Born: 1960s, United Kingdom
Died: NA
Country most active: United Kingdom
Also known as: NA
Patrice Lawrence first came on my radar through her children’s book Diver’s Daughter (2019). It’s a story set during Tudor times, exploring the life of a young West African girl, Eve, living with her mother in the Southwark slums of Elizabethan London.
With Diver’s Daughter, it was exciting to discover another Sussex writer who was interested in sharing the stories of the Black, Asian and ethnic minority experience in the UK before Windrush, which is when everyone thinks immigration happened. This is not true.
Patrice writes about the 16th century set Diver’s Daughter:
‘I was probably in my 30s before I really knew that there had been black people in the UK before the 1940s or 1930s, and I’m thinking 16th century. I grew up around Sussex, so I remember when the Mary Rose was raised in the 80s. I wish I’d had that connection, knew the involvement in that part of history in time and known that was a story that had to be told. Also, Jack Francis was the first recorded man of African descent to give evidence in an English law court. So that is all expunged from history in a sense, but the problem is if you’re writing for children, I didn’t want to write the biography of a man, I wanted to write something from a child’s point of view. So, I fictionalised a young woman of mixed heritage: her mum had been taken by the Portuguese from the isle of Mozambique, come from enslavement and ended up in Southwark.’
Patrice Lawrence is a British writer and journalist. She was born in Brighton and was brought up in an Italian–Trinidadian family. Her mother came to England from Trinidad to train as a psychiatric nurse. She has an MA in Writing for Film and TV.
She writes fiction for adults and children. Her debut young adults (YA) novel Orangeboy (2016) won The Bookseller′s YA Book Prize 2017, the Waterstones Children’s Book Prize for Older Children 2017 and was shortlisted for the 2016 Costa Children’s Book Award.

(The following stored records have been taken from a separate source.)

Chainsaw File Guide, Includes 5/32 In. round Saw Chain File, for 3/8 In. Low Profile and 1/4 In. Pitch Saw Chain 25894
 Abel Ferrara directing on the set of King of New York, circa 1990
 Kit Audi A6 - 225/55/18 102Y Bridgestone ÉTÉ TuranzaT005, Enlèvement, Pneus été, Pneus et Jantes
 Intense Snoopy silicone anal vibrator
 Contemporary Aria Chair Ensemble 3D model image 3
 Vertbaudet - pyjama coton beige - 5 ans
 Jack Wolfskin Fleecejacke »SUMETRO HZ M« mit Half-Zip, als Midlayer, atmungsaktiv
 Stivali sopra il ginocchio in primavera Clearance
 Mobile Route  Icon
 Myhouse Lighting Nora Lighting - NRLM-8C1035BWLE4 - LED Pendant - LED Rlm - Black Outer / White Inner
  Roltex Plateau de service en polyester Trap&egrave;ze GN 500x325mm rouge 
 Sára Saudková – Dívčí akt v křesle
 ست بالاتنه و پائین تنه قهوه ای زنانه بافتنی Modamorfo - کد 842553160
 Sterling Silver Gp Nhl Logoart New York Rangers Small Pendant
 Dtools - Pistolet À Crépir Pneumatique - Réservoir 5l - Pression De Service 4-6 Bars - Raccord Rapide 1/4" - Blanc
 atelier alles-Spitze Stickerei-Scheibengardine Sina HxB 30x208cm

Patrice says, ‘though her primary aim had been to promote hope in her story of a teenager caught in gang violence, she wanted to reflect the real situation faced by many black teenagers in Britain.’
Her follow-up book, Indigo Donut (2017) is set in Hackney and deals with bullying, fostering, and teenage relationships.
The Guardian wrote: ‘Her award-winning debut Orangeboy, a gripping urban thriller, announced Patrice Lawrence as a bold, fresh voice in young adult fiction. This promise is realised in her second book, a tender and complex story of first love, family and belonging.’
Appealing for me is that her writing for young adults features characters of mixed race and BAME backgrounds who experience real life teenage issues, such as bullying, abuse, gangs, and being orphaned.
Patrice writes, ‘I want to write books that have hope in them.’
She also publishes a regular blog about her experiences of writing and having her work published, called The Lawrence Line. She says: ‘There are a lot of people coming up behind you and you want to let them know how it happens, particularly for young black writers. I want to show that I’ve had a good experience of publishing and give people hope that they can tell their stories.’